Living Cells Play: A Fractal Argument
The human body has appropriately be seen as a system of systems. In fact, very well studied and grounded, furthermore, any living system can be said to be a system of systems. Of course, below the systems, we find, organs, tissues, cells, and the relations are both downwards and upwards, according to the departing point. This idea opens up the door for recognizing a fractal architecture of living organisms. Some ideas in this direction can be found in (https://www.fractal.org/Life- Science-Technology/Publications/Fractals-and-Human-Biology. pdf)-namelyparticularly about the lungs, blood vessel, and the brain.
Briefly said, fractality means that a given pattern can be repeated at various scales. More exactly, it is iteration which creates the pattern. As a result, self-similarity is produced that shows that a particular structure corresponds to the very structure of the whole. Fractality does not mean exactly the same, but nearly the same.
Natural phenomena with fractal features include fault lines, mountain ranges, DNA, proteins, earthquakes and snowflakes, among many others. Turning to biology, the fractal geometry of nature allows to safely recognize that the cell as a basic unit is a whole network - namely the fractal network of the living organism. More exactly, one can safely speak of fractal dimensions on networks. I would like to claim that the living organism is a complex network of different time scales. This idea can also be found in [9]. To be sure, the living cell is the basic structure of the time scales within the organism.
B. Mandelbrot, distinguishes two types of fractals, thus: scaling fractals which are deterministic, and non-scaling fractals that are non-deterministic [10]. The latter exhibit non-linear variability, and the former regularity and linearity. To be sure, in the living organism both types of fractals coexist and interact with each other.
The living organism experiences the world and nature as a whole, not by parts or mechanically. This can be phrased not any longer in terms of causality but of correlations. Thus, from the point of view of fractal geometry, what the organism experiences - hunger, thirst, joy or angst -, corresponds to what every system, tissue, organ and cell does experience. Not ultimately epigenetics becomes here a crucial aspect. Here, however, it must remain aside due to space and concretion.

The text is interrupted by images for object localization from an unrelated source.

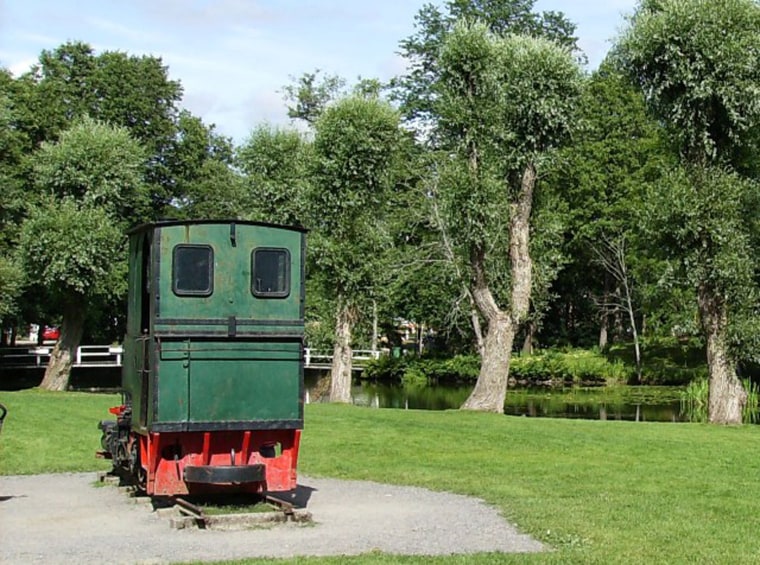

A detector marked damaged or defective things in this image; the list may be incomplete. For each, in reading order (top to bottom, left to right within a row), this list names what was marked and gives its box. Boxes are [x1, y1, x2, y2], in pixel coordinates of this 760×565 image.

rusty green cab [121, 220, 306, 432] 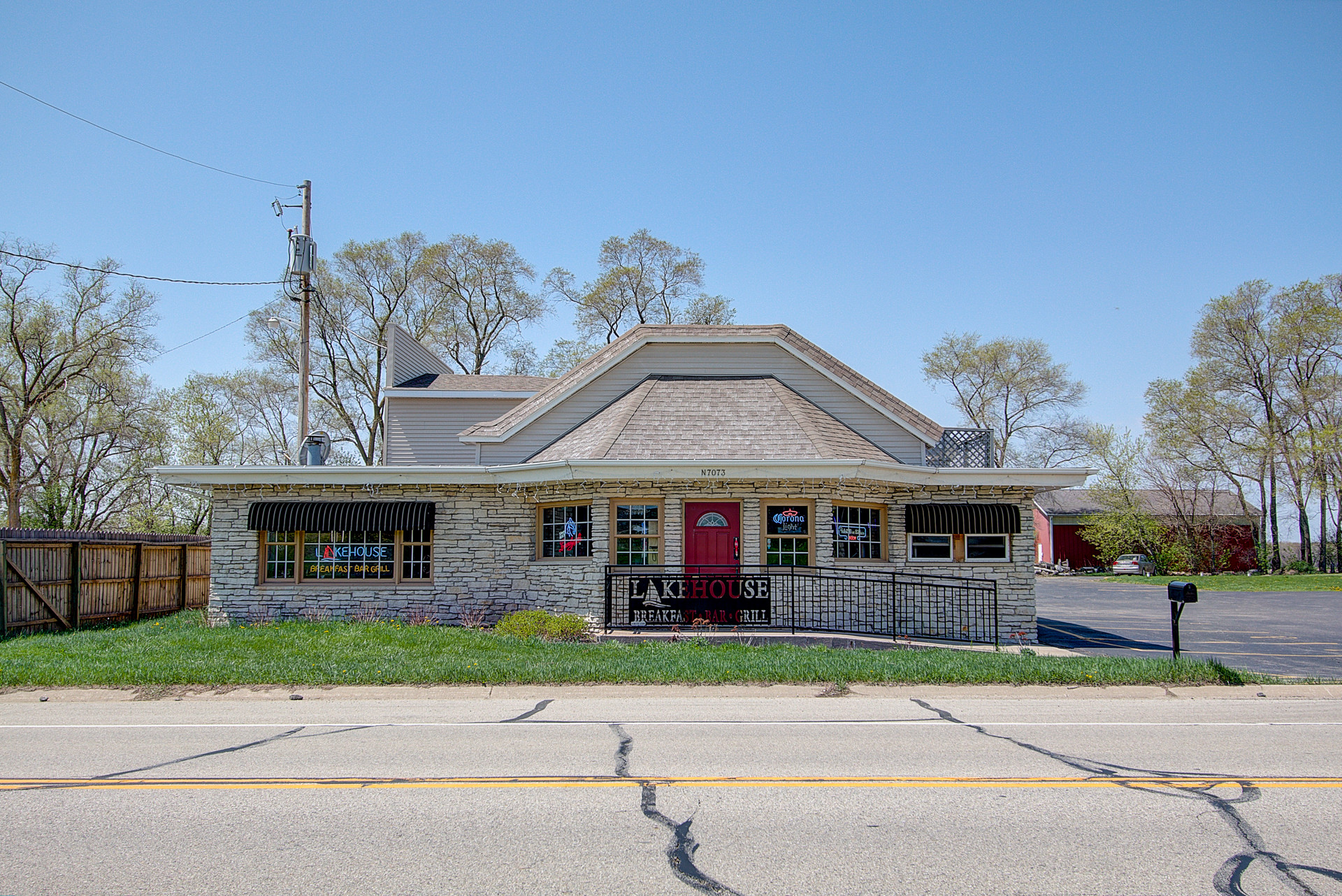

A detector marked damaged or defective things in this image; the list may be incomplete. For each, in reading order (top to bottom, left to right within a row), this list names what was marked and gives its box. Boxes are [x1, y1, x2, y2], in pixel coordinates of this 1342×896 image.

crack in asphalt [499, 697, 550, 718]
crack in asphalt [609, 724, 746, 890]
crack in asphalt [912, 697, 1342, 896]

Laboratory and mathematical measurements should and could be done in order to measure the fractal dimension the cell experiences - along the body as such. Without hesitation the result would be between 1.5 and 2.3 as extremes ranges. This is left for a further experimental study.
Conclusions
If cells play, and enjoy or suffer what the living organism experiences as a whole, this might be of importance for both histology and pathology, and not only for psychologists. In other words, the cell is not an automaton, i.e. an algorithmic “device”. Quite on the contrary, it exists non-algorithmically. Playing is a non-algorithmic activity - in biology.

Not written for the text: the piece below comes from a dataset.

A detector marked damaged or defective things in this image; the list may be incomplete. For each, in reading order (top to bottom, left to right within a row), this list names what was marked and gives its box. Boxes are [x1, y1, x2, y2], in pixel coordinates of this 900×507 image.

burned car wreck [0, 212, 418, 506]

Playing allows for freedom and joy, as well as for errors in the organism. Freedom is a stance of nonchalance vis-à-vis the world. Error opens up the gate for sickness and disease.

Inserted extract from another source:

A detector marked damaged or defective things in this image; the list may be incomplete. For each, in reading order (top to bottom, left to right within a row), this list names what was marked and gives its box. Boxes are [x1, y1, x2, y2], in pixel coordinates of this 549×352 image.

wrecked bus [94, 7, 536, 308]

The life of the organism is a set of different complex timescales, as shown above in Table 1. The experience of life, world and nature is a phenomenon that implicates the whole organism as well as each level of organization down to the cell, and vice versa. Health is the most basic and the most fundamental experience of life, and yet a particular case of life, namely that case that serves as ground or condition for any possibilities in the world. When healthy, any organism plays. Hence, also cells play. Fractal geometry serves as rationale for this claim.
Cell Type
Turnover Time
Stomach
2-9 days
Gastrointestinal colon crypt cells
3-4- days
Lungs alveoli
8 days
Tongue taste buds
10 days
Blood B cells
4-7 weeks
Central nervous system
Lifetime
Skeleton
10% per year
Source: Adapted from https://book.bionumbers.org/how-quickly-do-different-cells-in-the-body-replace-themselves/
Table 1: A General View of Lifetime of some Cells.